● **Action item**
Lines to return, exactly: from the line with "Himbeerbier und Kräuterlimo: Junger" to the line with "Building Photo - 810 Longfellow St NW" in the entries below, both included.
◇ ◇ ◇ ◇ ◇ ◇ ◇
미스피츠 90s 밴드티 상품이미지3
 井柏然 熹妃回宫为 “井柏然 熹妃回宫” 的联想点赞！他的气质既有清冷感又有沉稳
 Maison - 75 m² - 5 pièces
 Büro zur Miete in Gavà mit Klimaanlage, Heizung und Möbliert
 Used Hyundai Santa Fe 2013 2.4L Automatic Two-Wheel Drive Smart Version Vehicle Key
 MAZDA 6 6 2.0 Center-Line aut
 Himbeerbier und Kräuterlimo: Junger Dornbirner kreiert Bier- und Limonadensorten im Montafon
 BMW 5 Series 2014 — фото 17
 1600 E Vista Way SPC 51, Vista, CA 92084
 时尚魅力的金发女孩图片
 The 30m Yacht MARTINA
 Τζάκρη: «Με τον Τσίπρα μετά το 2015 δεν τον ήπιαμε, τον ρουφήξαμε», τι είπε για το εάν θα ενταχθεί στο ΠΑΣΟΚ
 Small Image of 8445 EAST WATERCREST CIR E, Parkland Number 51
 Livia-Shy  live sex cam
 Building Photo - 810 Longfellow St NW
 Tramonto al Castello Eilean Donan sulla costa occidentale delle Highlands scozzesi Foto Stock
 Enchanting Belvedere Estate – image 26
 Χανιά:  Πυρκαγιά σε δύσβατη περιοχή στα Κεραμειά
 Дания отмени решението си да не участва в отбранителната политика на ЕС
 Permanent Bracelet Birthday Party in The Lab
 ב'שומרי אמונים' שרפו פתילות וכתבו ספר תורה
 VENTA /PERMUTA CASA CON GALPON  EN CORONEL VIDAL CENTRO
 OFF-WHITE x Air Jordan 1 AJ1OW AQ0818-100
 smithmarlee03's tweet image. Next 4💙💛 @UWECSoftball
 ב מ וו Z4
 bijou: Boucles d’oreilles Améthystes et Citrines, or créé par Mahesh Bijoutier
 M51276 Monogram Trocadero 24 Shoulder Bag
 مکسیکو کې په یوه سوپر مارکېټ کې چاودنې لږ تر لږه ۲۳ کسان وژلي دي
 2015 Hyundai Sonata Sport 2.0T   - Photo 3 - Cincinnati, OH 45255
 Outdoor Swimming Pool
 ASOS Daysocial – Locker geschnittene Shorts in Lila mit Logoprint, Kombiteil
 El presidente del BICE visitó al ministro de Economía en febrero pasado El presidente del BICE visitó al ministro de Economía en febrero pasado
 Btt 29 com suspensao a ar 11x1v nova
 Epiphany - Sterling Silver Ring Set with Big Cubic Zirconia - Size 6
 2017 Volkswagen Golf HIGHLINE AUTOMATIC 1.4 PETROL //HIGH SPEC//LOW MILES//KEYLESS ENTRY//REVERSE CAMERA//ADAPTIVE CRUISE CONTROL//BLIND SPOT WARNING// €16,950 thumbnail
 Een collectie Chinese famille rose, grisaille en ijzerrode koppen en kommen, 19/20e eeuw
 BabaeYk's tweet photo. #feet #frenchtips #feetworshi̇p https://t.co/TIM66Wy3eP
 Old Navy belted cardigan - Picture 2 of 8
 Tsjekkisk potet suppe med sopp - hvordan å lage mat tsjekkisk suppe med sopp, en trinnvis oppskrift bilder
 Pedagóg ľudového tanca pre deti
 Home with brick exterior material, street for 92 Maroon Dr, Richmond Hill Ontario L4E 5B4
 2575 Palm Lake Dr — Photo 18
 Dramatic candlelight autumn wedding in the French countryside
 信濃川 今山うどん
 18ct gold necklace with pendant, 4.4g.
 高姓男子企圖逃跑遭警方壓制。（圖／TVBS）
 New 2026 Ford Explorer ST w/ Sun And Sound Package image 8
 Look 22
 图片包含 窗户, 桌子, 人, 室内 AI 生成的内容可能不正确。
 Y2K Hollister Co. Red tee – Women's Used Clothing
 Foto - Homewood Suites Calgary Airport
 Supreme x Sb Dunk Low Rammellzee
◇ ◇ ◇ ◇ ◇ ◇ ◇
● **Answer space**
 Himbeerbier und Kräuterlimo: Junger Dornbirner kreiert Bier- und Limonadensorten im Montafon
 BMW 5 Series 2014 — фото 17
 1600 E Vista Way SPC 51, Vista, CA 92084
 时尚魅力的金发女孩图片
 The 30m Yacht MARTINA
 Τζάκρη: «Με τον Τσίπρα μετά το 2015 δεν τον ήπιαμε, τον ρουφήξαμε», τι είπε για το εάν θα ενταχθεί στο ΠΑΣΟΚ
 Small Image of 8445 EAST WATERCREST CIR E, Parkland Number 51
 Livia-Shy  live sex cam
 Building Photo - 810 Longfellow St NW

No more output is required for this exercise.